• **Work item**
Every line from the one containing "Eamoment Mijoteuse programmable" to the end of the records below, written out word for word, is the whole answer.

• **Web page caption snippets**
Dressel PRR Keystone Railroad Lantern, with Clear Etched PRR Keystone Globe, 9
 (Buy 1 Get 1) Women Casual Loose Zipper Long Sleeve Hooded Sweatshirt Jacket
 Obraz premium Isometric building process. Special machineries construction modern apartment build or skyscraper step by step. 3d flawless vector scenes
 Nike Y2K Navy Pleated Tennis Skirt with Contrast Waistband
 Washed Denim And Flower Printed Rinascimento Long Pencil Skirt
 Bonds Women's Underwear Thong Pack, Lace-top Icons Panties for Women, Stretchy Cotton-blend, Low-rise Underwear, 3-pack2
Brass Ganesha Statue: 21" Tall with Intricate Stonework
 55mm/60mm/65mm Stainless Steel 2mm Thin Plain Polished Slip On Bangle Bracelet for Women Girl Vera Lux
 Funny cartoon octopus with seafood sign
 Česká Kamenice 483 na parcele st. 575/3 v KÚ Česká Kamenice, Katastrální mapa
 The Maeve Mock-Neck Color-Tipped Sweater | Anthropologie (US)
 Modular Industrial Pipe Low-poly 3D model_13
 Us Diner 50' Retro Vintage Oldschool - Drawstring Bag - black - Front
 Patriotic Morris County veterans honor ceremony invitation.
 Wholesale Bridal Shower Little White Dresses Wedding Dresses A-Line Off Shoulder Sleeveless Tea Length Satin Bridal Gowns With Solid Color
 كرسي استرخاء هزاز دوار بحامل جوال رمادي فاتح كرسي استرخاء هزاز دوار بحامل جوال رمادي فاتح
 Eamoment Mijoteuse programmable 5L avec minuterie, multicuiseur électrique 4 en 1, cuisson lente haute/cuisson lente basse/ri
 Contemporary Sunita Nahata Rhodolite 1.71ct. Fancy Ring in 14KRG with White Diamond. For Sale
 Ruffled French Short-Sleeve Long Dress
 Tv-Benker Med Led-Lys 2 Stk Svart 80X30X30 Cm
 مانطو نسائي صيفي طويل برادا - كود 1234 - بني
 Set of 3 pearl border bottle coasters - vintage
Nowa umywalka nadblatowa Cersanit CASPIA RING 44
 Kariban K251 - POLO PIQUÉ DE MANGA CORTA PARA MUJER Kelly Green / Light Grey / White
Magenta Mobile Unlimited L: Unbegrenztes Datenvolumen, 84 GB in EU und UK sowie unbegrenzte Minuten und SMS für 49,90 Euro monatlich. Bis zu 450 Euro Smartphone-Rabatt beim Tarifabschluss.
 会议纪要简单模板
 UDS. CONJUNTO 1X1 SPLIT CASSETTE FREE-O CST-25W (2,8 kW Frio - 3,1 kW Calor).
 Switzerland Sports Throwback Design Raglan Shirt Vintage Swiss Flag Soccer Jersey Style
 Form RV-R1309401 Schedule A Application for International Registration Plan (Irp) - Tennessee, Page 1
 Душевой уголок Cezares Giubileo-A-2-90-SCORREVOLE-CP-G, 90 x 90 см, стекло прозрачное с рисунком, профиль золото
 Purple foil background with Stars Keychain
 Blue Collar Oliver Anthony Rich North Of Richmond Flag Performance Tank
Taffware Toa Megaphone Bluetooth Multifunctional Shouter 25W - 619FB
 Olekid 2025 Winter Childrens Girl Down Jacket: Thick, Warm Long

• **Solution for this exercise**
 Eamoment Mijoteuse programmable 5L avec minuterie, multicuiseur électrique 4 en 1, cuisson lente haute/cuisson lente basse/ri
 Contemporary Sunita Nahata Rhodolite 1.71ct. Fancy Ring in 14KRG with White Diamond. For Sale
 Ruffled French Short-Sleeve Long Dress
 Tv-Benker Med Led-Lys 2 Stk Svart 80X30X30 Cm
 مانطو نسائي صيفي طويل برادا - كود 1234 - بني
 Set of 3 pearl border bottle coasters - vintage
Nowa umywalka nadblatowa Cersanit CASPIA RING 44
 Kariban K251 - POLO PIQUÉ DE MANGA CORTA PARA MUJER Kelly Green / Light Grey / White
Magenta Mobile Unlimited L: Unbegrenztes Datenvolumen, 84 GB in EU und UK sowie unbegrenzte Minuten und SMS für 49,90 Euro monatlich. Bis zu 450 Euro Smartphone-Rabatt beim Tarifabschluss.
 会议纪要简单模板
 UDS. CONJUNTO 1X1 SPLIT CASSETTE FREE-O CST-25W (2,8 kW Frio - 3,1 kW Calor).
 Switzerland Sports Throwback Design Raglan Shirt Vintage Swiss Flag Soccer Jersey Style
 Form RV-R1309401 Schedule A Application for International Registration Plan (Irp) - Tennessee, Page 1
 Душевой уголок Cezares Giubileo-A-2-90-SCORREVOLE-CP-G, 90 x 90 см, стекло прозрачное с рисунком, профиль золото
 Purple foil background with Stars Keychain
 Blue Collar Oliver Anthony Rich North Of Richmond Flag Performance Tank
Taffware Toa Megaphone Bluetooth Multifunctional Shouter 25W - 619FB
 Olekid 2025 Winter Childrens Girl Down Jacket: Thick, Warm Long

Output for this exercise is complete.